Cosmopolitan GrillBreakfast to Bar
It’s a rare restaurant that can serve up pancakes and martinis and do both well, and Cosmopolitan Grill aims to be just that place. The daytime menu features brunch daily because, as owner Kenneth Gerhart says, “when you’re on vacation, every day is a weekend,” as well as a variety of sandwiches including the “Kentucky hot brown”— smoked turkey, lettuce, tomato, bacon and mornay sauce on sourdough bread. For dinner, there are solid offerings like pan-seared chicken breast, seafood pasta and burgers. “We want to offer people good value, uncomplicated food that’s well-prepared, in a nice environment,” says Gerhart. The 110-seat restaurant has live music Friday through Monday nights. 10 Wilmington Ave., Rehoboth Beach, 302-227-9752 —L.W. 

BiblionBook It
Maybe it’s the antique dining table and chairs, comfy couch or rocking chair. Maybe it’s the sunlight streaming in through the windows. Or maybe it’s the welcoming presence of Jen Mason, who opened the bookstore after the idea came to her in a meditation. Whatever the case, hanging out in biblion is like spending time in a lovely home library where all the volumes have been chosen with care— and where the only question is which one to pull off the shelf first. Luckily, there’s no judgment— Mason loves a good beach book as much as a serious read. 205 Second St., Lewes, 302-644-2210, —L.W.

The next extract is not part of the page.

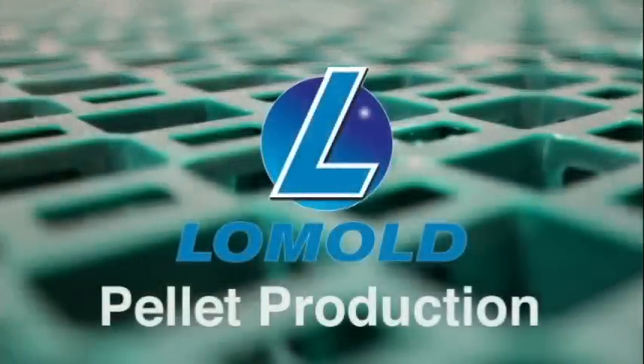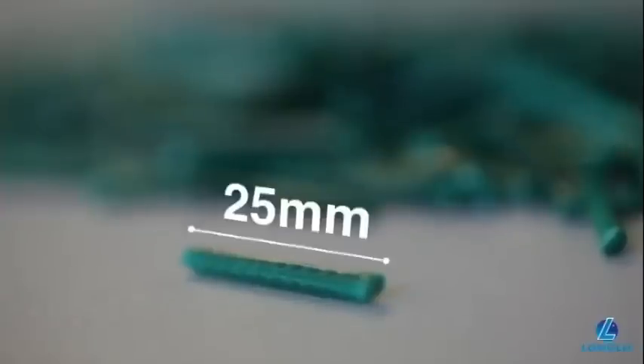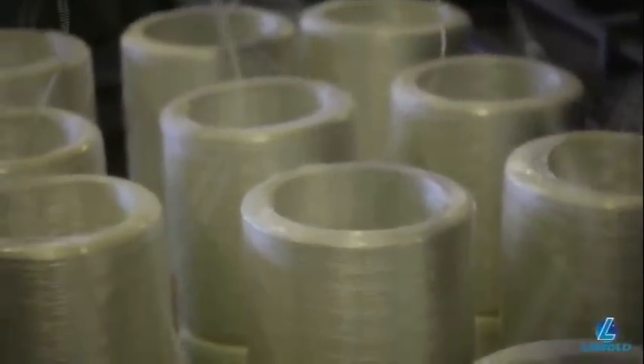Lomold manufactures long fiber thermoplastic granules using a proprietary pultrusion process. These granules are generally 11 or 25 millimeters in length and contain glass fiber strands of the same length as the granule. Polypropylene or nylon can be selected based on the final application, while glass fiber content can be customized to anywhere between 20 to 50%.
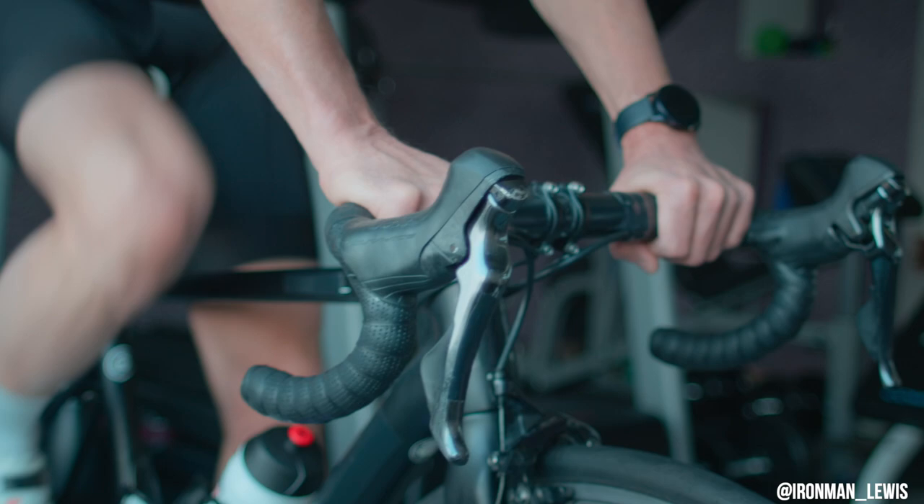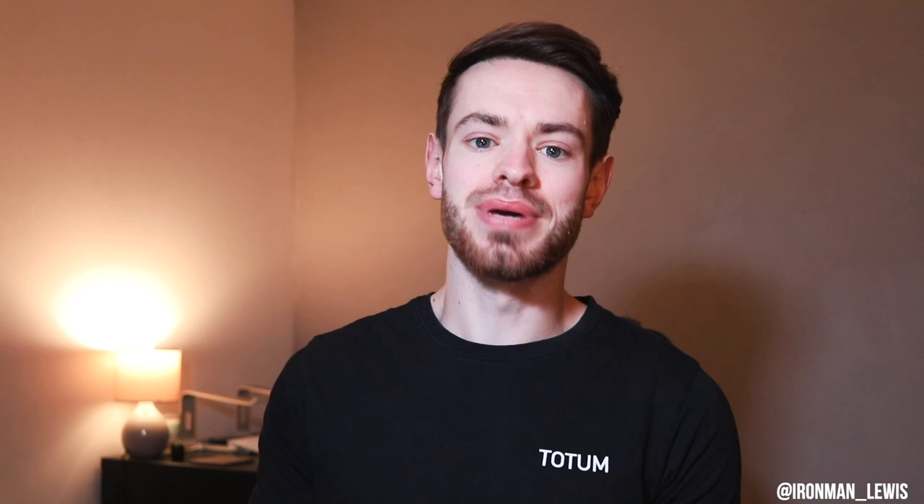I found the Build Me Up plan on Zwift, which had an FTP test at the beginning. I had heard of FTP tests but never done one. I'd heard they were hard — obviously a fitness test — and depending on which one you do, the 20-minute test, the ramp test or the full hour, whichever one I was going to do was going to be difficult. For my first one I didn't know how to pace myself at all.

In Rehoboth Beach: Wilmington Avenue is fast becoming restaurant row with the opening of Tuscan Grille (Northern Italian), Mallory Square Fish House (local seafood), Romeo’s (classic American) and Cypress (Cajun).  Boutique-wise, men’s store Universal Gear offers an “urban, fashion-oriented” approach to traditional beachwear at 46 Baltimore Ave., while Hatley of R.B. stocks preppy clothing for the whole family. (52 Rehoboth Ave.) 

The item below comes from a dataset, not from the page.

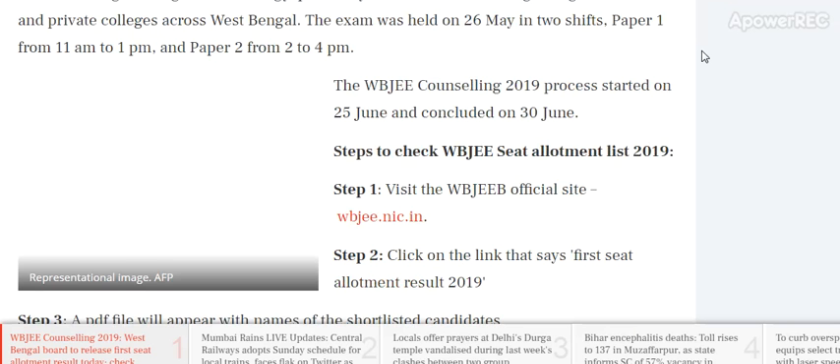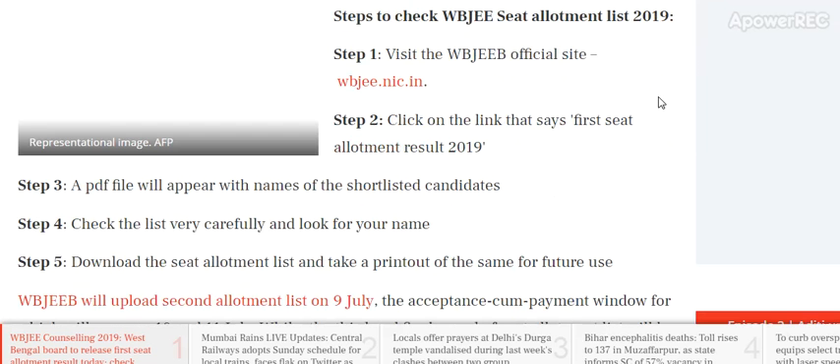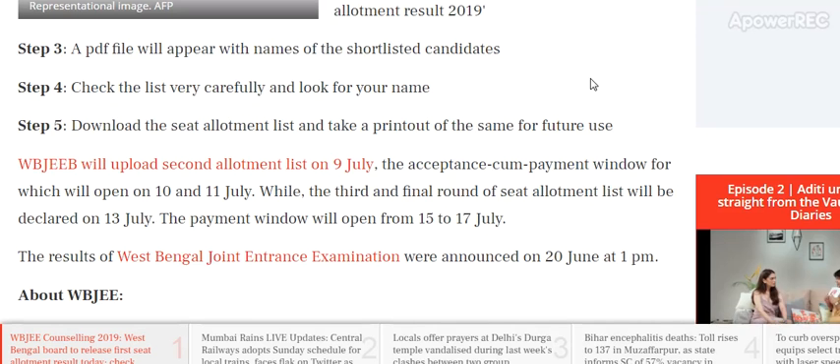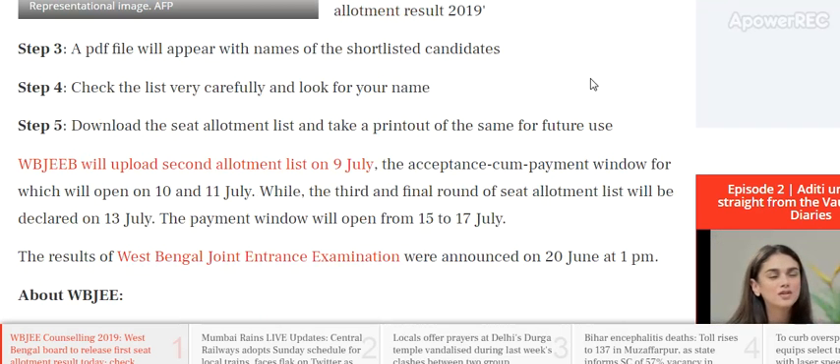The WBJE counseling process started on 25th June and concluded on 28th June. To check the seat allocation list, visit the WBJE official website — the first seat allotment result PDF file will appear with the names of shortlisted candidates. Check the list carefully, look for your name, and download the seat allotment list. WBJE will upload the second allotment list on 9th July; the acceptance and payment window opens 10th and 11th July. The third and final round of seat allotment will be declared on 13th July, with the payment window open from 15th to 17th July. The West Bengal entrance examination result was announced on 20th June at 1 PM.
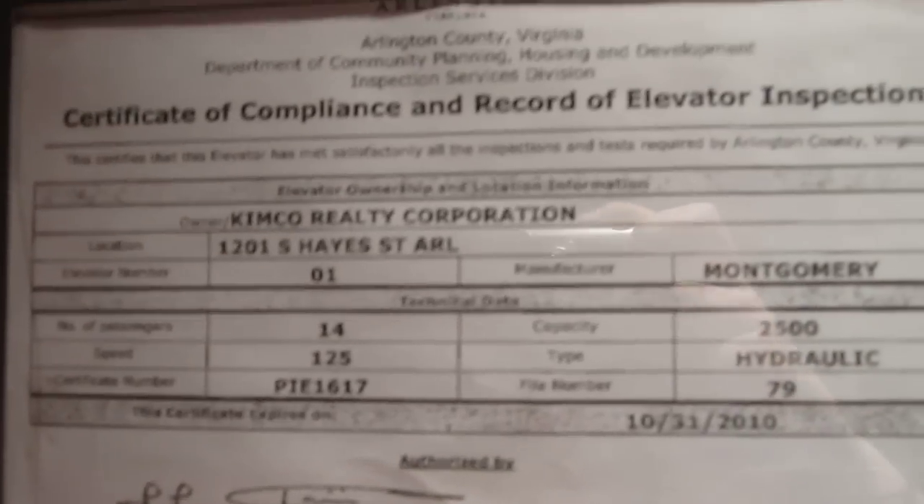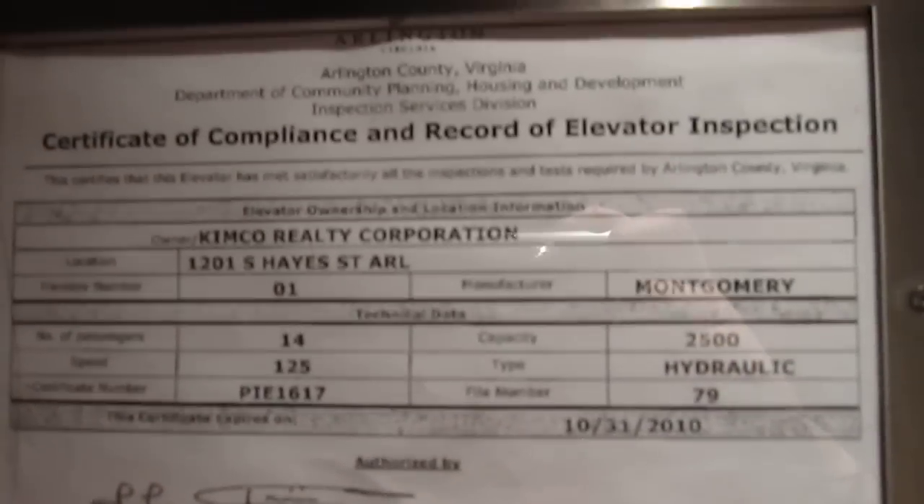It's your typical FDR elevator. 125 feet per minute. Here we are. That's it.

In Lewes: The popular Agave restaurant has expanded into the space at 137 Second St., long occupied by Rocky Mountain Chocolate Factory. The Lewes Historical Society has a new gift store, located in the circa-1665 Ryves Holt House, at 218 Second St. Tour tickets for Lewes’ historic complex are also sold here.

In Dewey beach: Port restaurant offers up fresh seafood, bagged beach lunches and live music, 1205 Highway One. 

On Fenwick Island: Bookend Café serves up gourmet coffee, smoothies and good reads, 300 Coastal Highway. 

In Ocean City: The Pit-n-Pub features slow-cooked barbecue specialties at 28th Street and Coastal Highway. And Ocean Downs Casino offers 750 slot machines, live horse racing and a restaurant overlooking the track. (10218 Racetrack Road, Berlin, Md.) —J.S.